在《脏手》一剧中,贯穿着萨特关于绝对道德和相对道德、目的和手段、暴力的合法性、行动后果等方面的思考,这些思想性的东西作为谈话内容非常枯燥,但却是剧作主题的具体体现,因此他必须将这些内容戏剧化。萨特采用的技巧是,将其作为雨果与贺德雷冲突场面的争论内容,争论的结果将决定贺德雷的生死。从而使这种命运悬念牢牢地吸引住了观众/读者的注意力。不仅如此,该剧最重要的问题是,剧中所出现的“往事”作为主要部分,占据了5/7的篇幅。由于戏剧的时态是现在时态,“过去式”的叙述与戏剧的本性相违背,因此有人认为“戏剧的语言严格指向在一系列当下中展开的情节,所以对过去的分析与戏剧的形式发生矛盾”( [德]彼得・斯丛狄:《现代戏剧理论(1880-1950)》,王建 译,北京大学出版社2006年3月版,第73页)。但是,涉及人物过去的事件展示是理解人物“现在”的钥匙,是对人的动机的一种揭示,因此,如何避免叙述性的情境因素出现,解决过去和现在之间的矛盾,也成为萨特面临的一个形式问题。他的处理仍然是赋予悬念,将“往事”作为当前戏剧进展的必要环节,它的真相将决定人物的生死,从而造成了命运的悬念,成为戏剧的主干;由于当前情境的危急,即使往事所占结构比例较大,也不至于因此失衡;并且萨特更进一步将“往事”的真相作为情境要素,用以解释人物当前的行动,即雨果主动求死的主要动机,从而将过去和现在因果相连地交织在一起。

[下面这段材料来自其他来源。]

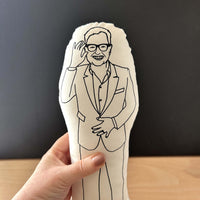 Alan Carr - Sew Your Own Idol Kit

《魔鬼与上帝》一剧从题材来说主要包括两大部分,一是主人公格茨的传奇生涯,二是剧作家的“无神论”观点。如何对这一同时包括叙述性主题和哲学性主题的题材进行戏剧性处理?萨特同样选择了在危机爆发之前开场,通过共时性的舞台设计,将矛盾的各方同时展示出来,将矛盾的焦点集中于主人公格茨身上,由此制造出关于事件过程和结果的悬念,以及事件中人物关系之间的悬念、人物的动机悬念;并在后面的部分选取人物的几个生活时间段,制造相应的悬念,展示主人公的经历和心路历程,从而使这部戏剧在内容和形式上相得益彰。但是问题也在于此,重大的内容势必要匹配庞大的形式,因此,该剧的上演也是相当困难的,这部鸿篇巨著的首演演出时间长达四小时,据萨特的学生、朋友让松回忆:“布景与服装差不多花了两万工作小时,我还不知道用了多少吨颜料和钉子”。([法]弗朗西斯・让松:《存在与自由――让-保尔・萨特传》,刘甲桂 译,北京大学出版社1997年5月版,第151页)剧本迟迟不能定稿,直到彩排那天晚上还在不断变动。安托尼剧院的经理不停要求对剧本进行大删改,导致萨特一看到她,手指就机械地模仿剪刀的动作。而且,不知道是巧合还是为了该剧耗尽心血,导演路易・儒韦在演出三个月后死于心脏病发作。